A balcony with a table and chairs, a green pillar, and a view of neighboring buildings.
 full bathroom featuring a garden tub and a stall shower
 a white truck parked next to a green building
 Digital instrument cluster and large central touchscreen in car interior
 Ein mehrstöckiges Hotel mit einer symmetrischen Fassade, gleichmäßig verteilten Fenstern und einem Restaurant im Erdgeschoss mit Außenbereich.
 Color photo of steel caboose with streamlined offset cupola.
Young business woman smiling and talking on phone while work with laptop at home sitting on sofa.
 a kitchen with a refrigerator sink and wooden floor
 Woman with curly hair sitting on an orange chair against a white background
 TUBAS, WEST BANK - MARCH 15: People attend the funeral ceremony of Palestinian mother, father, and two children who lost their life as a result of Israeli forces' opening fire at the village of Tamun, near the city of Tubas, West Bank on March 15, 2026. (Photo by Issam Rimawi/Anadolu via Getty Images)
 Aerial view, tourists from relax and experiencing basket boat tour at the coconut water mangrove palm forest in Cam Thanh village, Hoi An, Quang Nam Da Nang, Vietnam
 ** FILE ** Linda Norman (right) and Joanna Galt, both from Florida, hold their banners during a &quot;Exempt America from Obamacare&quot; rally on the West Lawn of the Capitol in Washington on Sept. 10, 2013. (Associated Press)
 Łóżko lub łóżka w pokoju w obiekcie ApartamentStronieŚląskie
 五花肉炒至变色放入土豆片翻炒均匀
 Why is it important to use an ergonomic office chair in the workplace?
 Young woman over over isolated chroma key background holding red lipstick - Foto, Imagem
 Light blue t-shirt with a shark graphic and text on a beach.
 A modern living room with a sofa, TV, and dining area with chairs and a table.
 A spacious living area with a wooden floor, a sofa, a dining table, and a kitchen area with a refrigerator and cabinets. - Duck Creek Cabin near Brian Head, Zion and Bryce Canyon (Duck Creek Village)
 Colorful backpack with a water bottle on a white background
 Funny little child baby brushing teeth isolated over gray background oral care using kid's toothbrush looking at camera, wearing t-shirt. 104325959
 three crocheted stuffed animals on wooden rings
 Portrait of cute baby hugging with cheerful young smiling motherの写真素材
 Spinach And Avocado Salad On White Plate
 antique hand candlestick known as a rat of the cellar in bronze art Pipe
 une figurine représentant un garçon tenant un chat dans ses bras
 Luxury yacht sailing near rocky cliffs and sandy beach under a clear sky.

Work to be completed = The answer should be exactly the lines from the one that contains "antique hand candlestick" through the end of the entries, both ends included, and nothing besides.

Your response =
 antique hand candlestick known as a rat of the cellar in bronze art Pipe
 une figurine représentant un garçon tenant un chat dans ses bras
 Luxury yacht sailing near rocky cliffs and sandy beach under a clear sky.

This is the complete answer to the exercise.